ALM-13009 ZooKeeper Znode Capacity Usage Exceeds the Threshold

Description

The system checks the level-2 ZNode status in the ZooKeeper data directory every hour. This alarm is generated when the system detects that the capacity usage exceeds the threshold.

Attribute

Alarm ID

Alarm Severity

Auto Clear

13009

Major

Yes

Parameters

Name

Meaning

Source

Specifies the cluster for which the alarm is generated.

ServiceName

Specifies the service for which the alarm is generated.

ServiceDirectory

Specifies the directory for which the alarm is generated.

RoleName

Specifies the role for which the alarm is generated.

Trigger Condition

Specifies the threshold for triggering the alarm.

Impact on the System

A large amount of data is written to the ZooKeeper data directory. As a result, ZooKeeper cannot provide services properly.

Possible Causes

  • A large volume of data has been written to the ZooKeeper data directory.

  • The threshold is improperly defined.

Procedure

Check whether a large volume of data is written to the alarm directory.

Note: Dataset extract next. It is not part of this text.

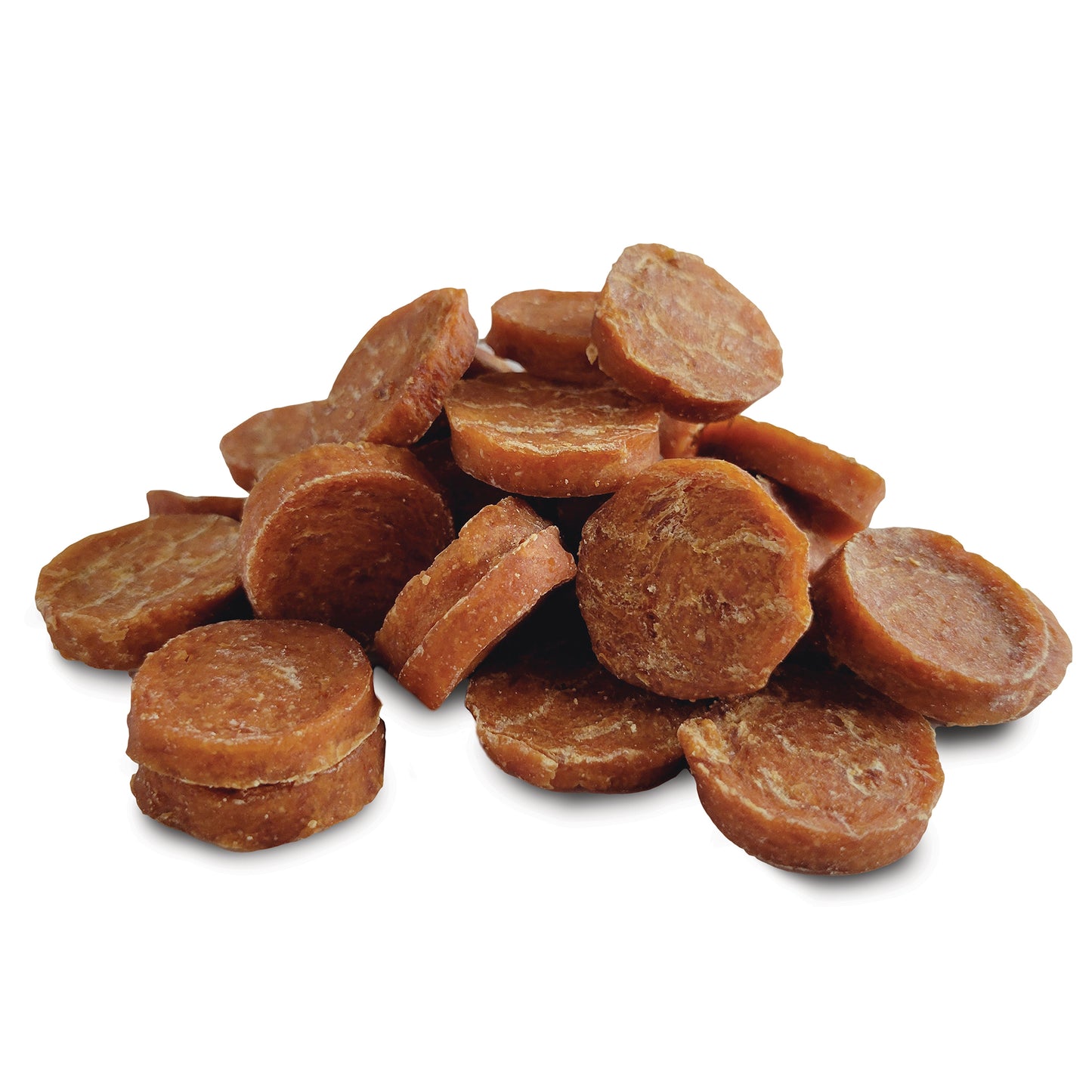 Pile of brown dog treats on a white background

  1. On FusionInsight Manager, choose O&M. In the navigation pane on the left, choose Alarm > Alarms. Click the drop-down list in the row containing ALM-13009 ZooKeeper ZNode Capacity Usage Exceeds the Threshold, and find the ZNode for which the alarm is generated in the Location area.

  2. Choose Cluster > Services > ZooKeeper. On the page that is displayed, click the Resource tab. In the Used Resources (By Second-Level ZNode) area, click By capacity and check whether a large amount of data is written to the top-level ZNode directory.

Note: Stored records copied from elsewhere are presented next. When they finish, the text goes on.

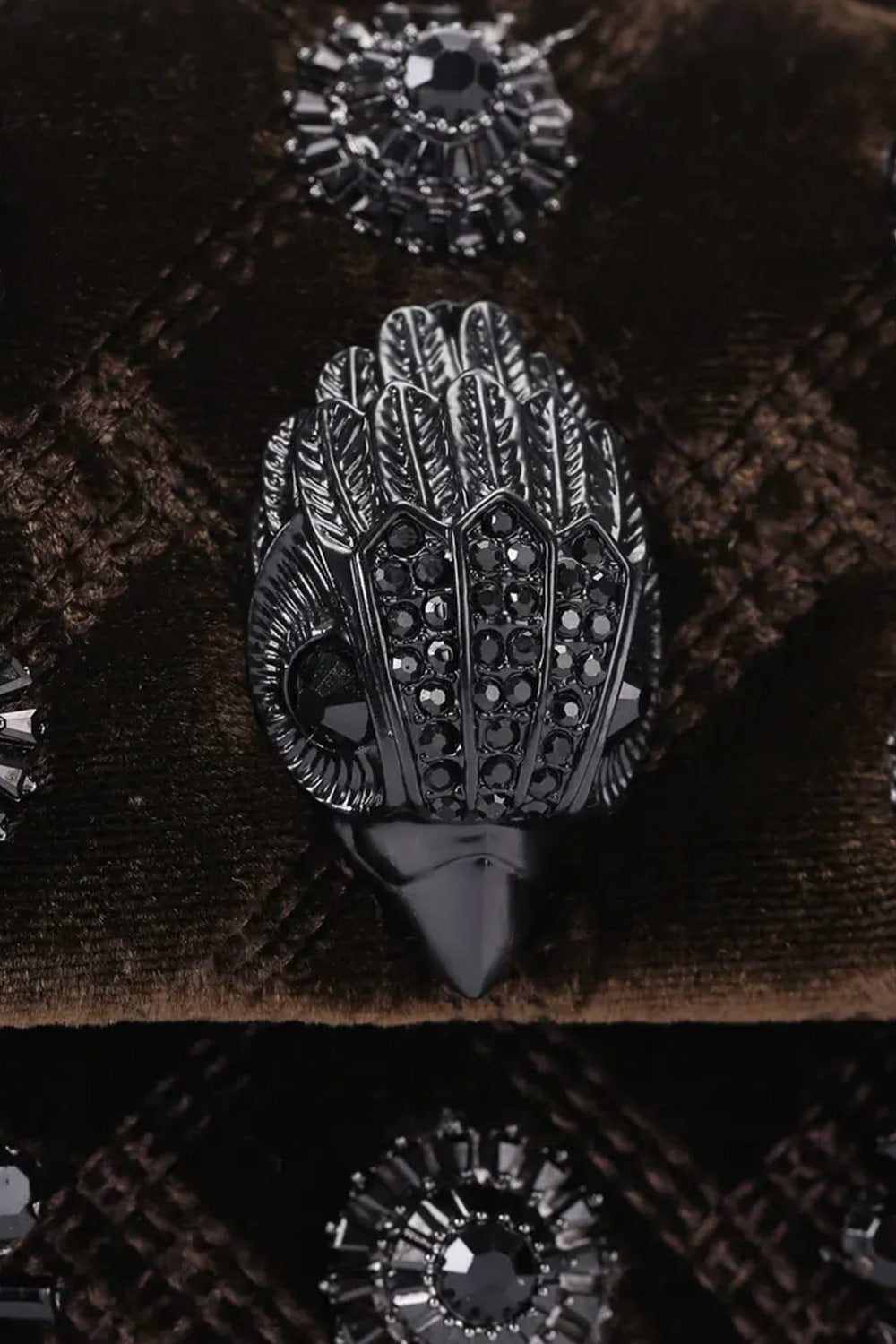 Τσάντα crossbody με κρυστάλλινα διακοσμητικά VELVET MINI KENSINGTON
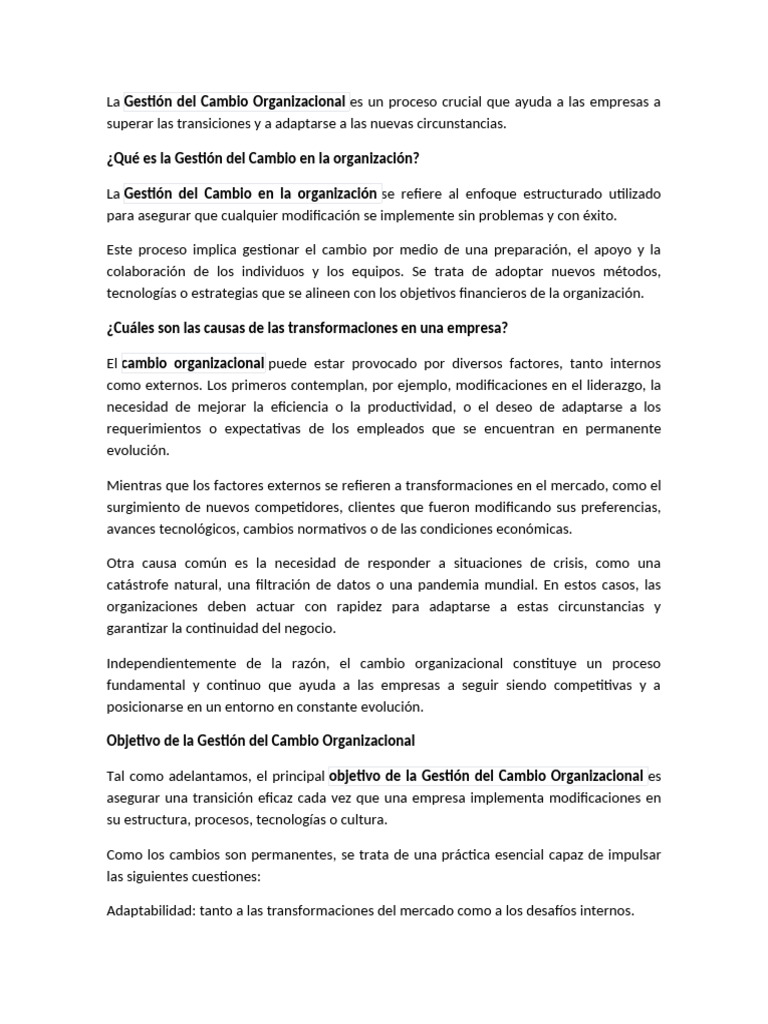 Gestión del Cambio Organizacional Efectiva | PDF | Gestión del cambio ...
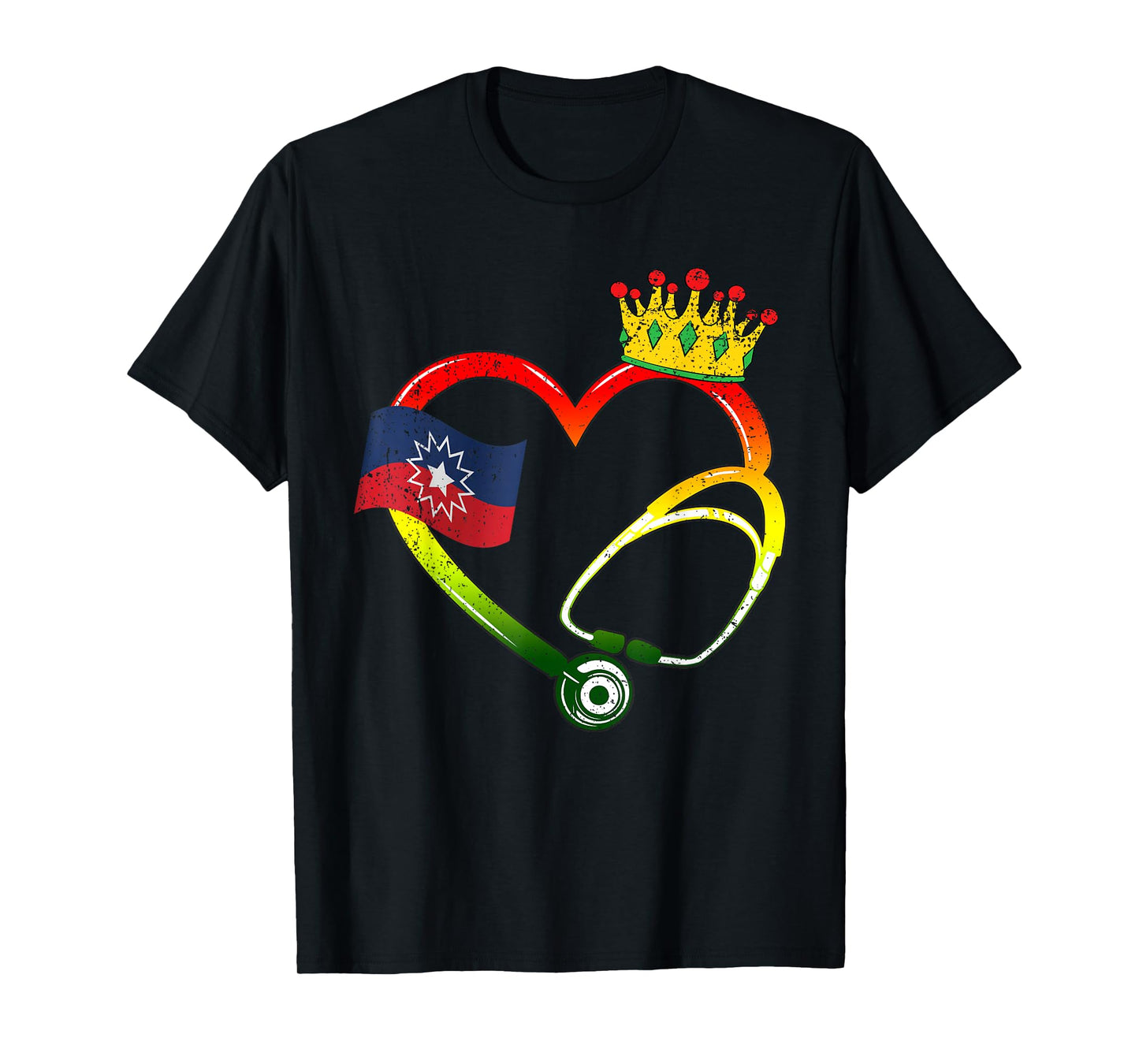 Heart Stethoscope Juneteenth Black History African Nurse T-Shirt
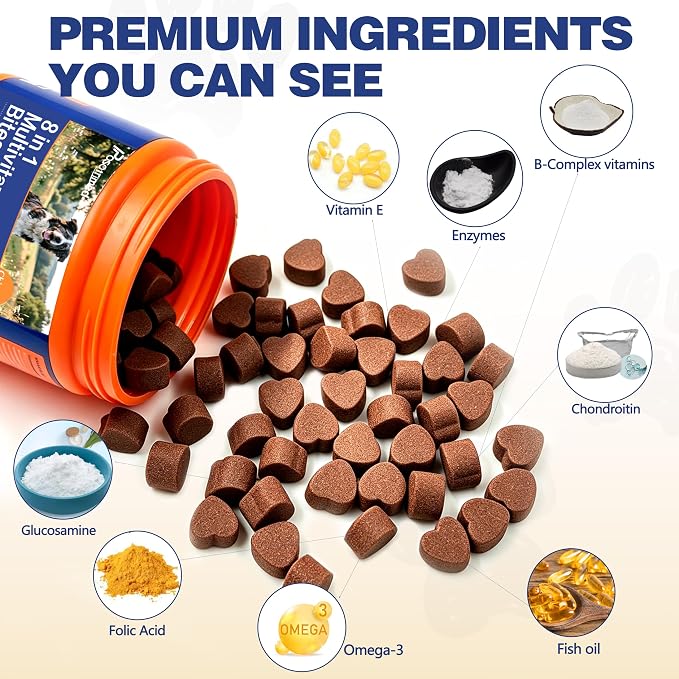 Dog Multivitamin, 8-in-1 Chewable Dog Vitamins and Supplements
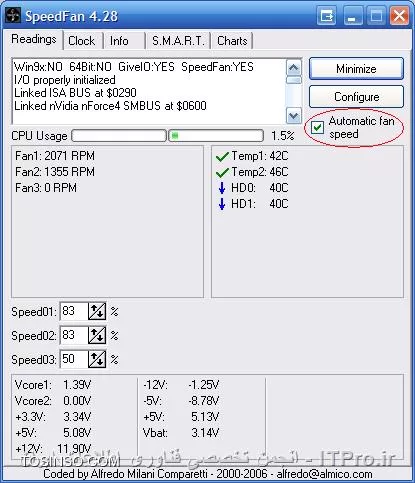 مشاهده دمای CPU با استفاده از SpeedFan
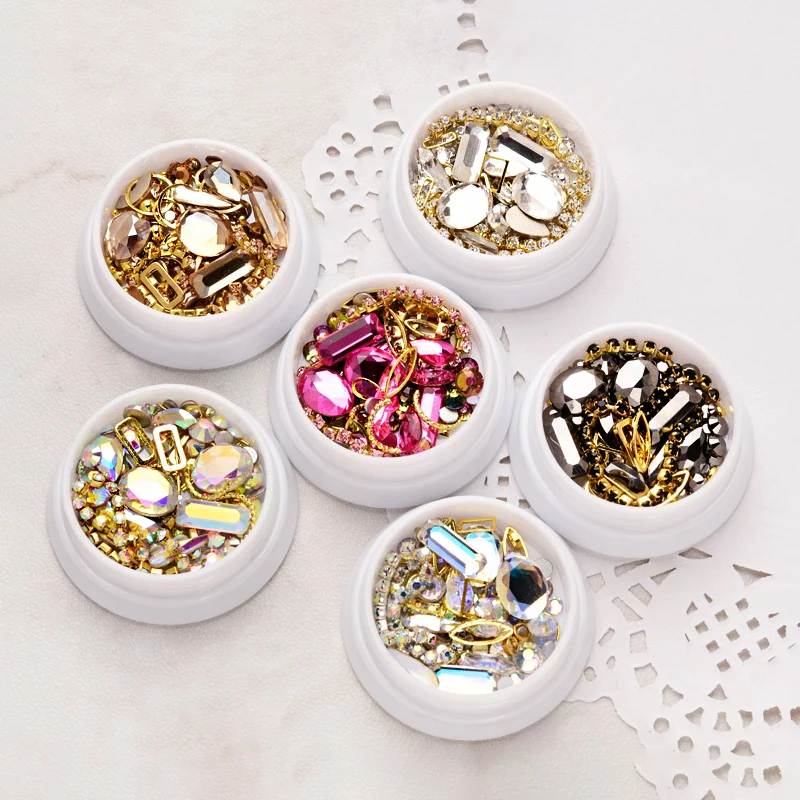 

1Box Alloy Rivet Rhinestones Shiny Jewelry Chain Mixed 3D Nail Art Decoration Delicate Trendy DIY Manicure Accessories Wholesale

    • If yes, record the directory to which a large amount of data is written and go to 3.

    • If no, go to 5.

  3. Check whether data in the directory can be deleted.

    Important

    Deleting data from ZooKeeper is a high-risk operation. Exercise caution when performing this operation.

    • If yes, go to 4.

    • If no, go to 5.

  4. Log in to the ZooKeeper client and delete unnecessary data from the directory to which a large amount of data is written.

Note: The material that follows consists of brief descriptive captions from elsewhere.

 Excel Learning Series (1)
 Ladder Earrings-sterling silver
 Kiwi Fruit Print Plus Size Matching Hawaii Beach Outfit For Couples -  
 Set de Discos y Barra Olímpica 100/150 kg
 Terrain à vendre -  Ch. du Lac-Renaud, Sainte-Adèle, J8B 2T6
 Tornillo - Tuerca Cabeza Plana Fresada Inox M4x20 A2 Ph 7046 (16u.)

    1. Log in to the ZooKeeper client installation directory, for example, /opt/client, and configure environment variables.

      cd /opt/client

      source bigdata_env

    2. Run the following command to authenticate the user (skip this step for a cluster in normal mode):

      kinit Component service user

    3. Run the following command to log in to the client tool:

      zkCli.sh -server <Service IP address of the node where any ZooKeeper instance resides>:<Client port>

    4. Run the following command to delete unnecessary data:

      delete Path of the file to be deleted

  5. Log in to FusionInsight Manager and choose Cluster > Services > ZooKeeper. On the page that is displayed, click the Configuration tab then the All Configurations sub-tab, and search for max.data.size. The value of max.data.size is the maximum capacity quota of the ZooKeeper directory. The unit is byte. Search for the GC_OPTS configuration item and check the value of Xmx.

  6. Compare the values of max.data.size and Xmx*0.65. The threshold is the smaller value multiplied by 80%. You can change the values of max.data.size and Xmx*0.65 to increase the threshold.

  7. Check whether the alarm is cleared.

    • If yes, no further action is required.

    • If no, go to 8.

Collect the fault information.

  1. On FusionInsight Manager, choose O&M. In the navigation pane on the left, choose Log > Download.

  2. Expand the Service drop-down list, and select ZooKeeper for the target cluster.

  3. Click image1 in the upper right corner, and set Start Date and End Date for log collection to 10 minutes ahead of and after the alarm generation time, respectively. Then, click Download.

  4. Contact O&M personnel and provide the collected logs.

Alarm Clearing

This alarm is automatically cleared after the fault is rectified.